#### WORK REQUIRED
Output exactly the lines below from the one containing "You can also" to the last line, both included. Omit pictures.

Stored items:
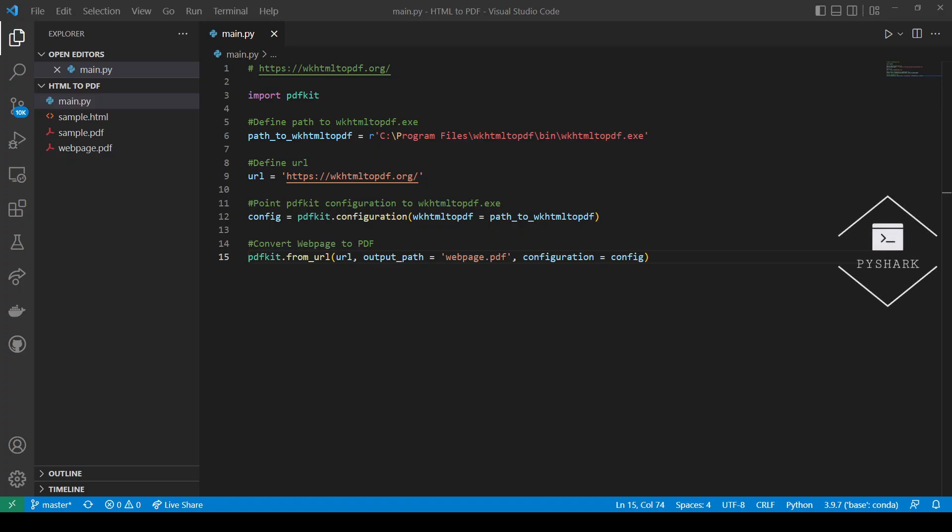In this tutorial, we explored how to convert HTML files and web pages to PDF using Python and wkhtml2pdf. Feel free to leave comments below if you have any questions. Please like and share the video. Subscribe to my channel and stay tuned for more of my Python programming tutorials.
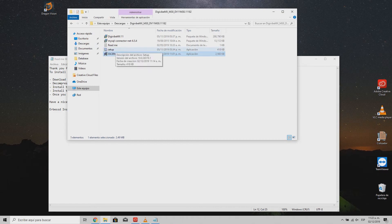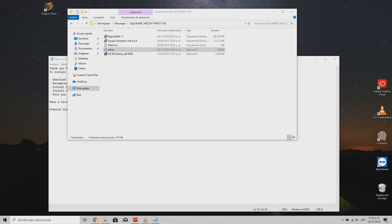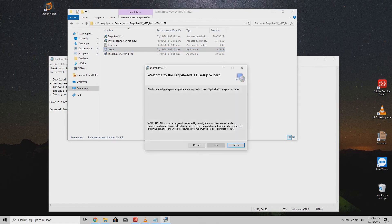Once these two software are installed, we can now proceed to install the Evibe MX. You can use the file named Setup or the one with the MSI extension — either of them will install the software on your PC.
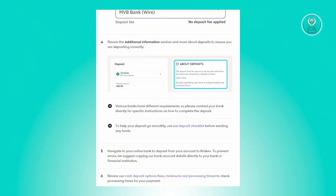To help your deposit go smoothly, use the deposit checklist before sending any funds. Navigate to your online bank to deposit from your account to Crackit. To prevent any errors, they actually suggest copying your bank account details correctly to your bank or financial institution.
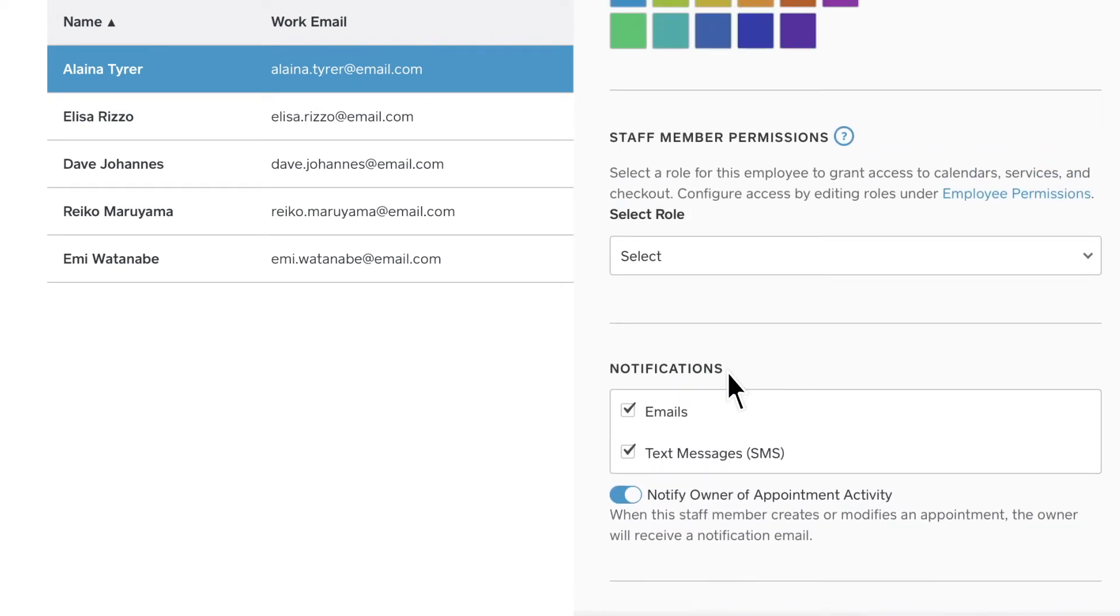You can also set custom notification settings for your staff to receive new and upcoming appointment emails and text notifications.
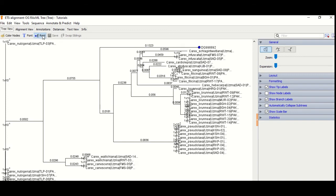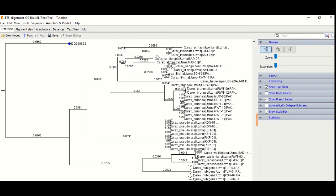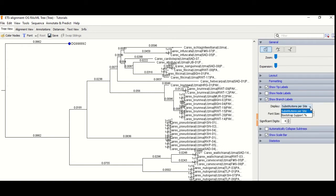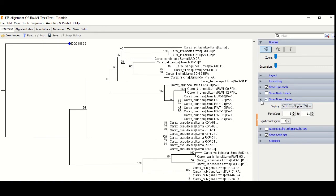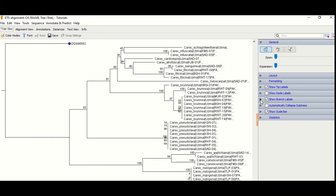We click on the branch to root the tree, so it becomes rooted. Then we check the branch labels and enable support bootstrap values, so bootstrap values appear on each branch. You can see that there are three clades, and the outgroups are from different groups. The bootstrap values are also very good.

#### SOLVED EXERCISE
You can also set custom notification settings for your staff to receive new and upcoming appointment emails and text notifications.
We click on the branch to root the tree, so it becomes rooted. Then we check the branch labels and enable support bootstrap values, so bootstrap values appear on each branch. You can see that there are three clades, and the outgroups are from different groups. The bootstrap values are also very good.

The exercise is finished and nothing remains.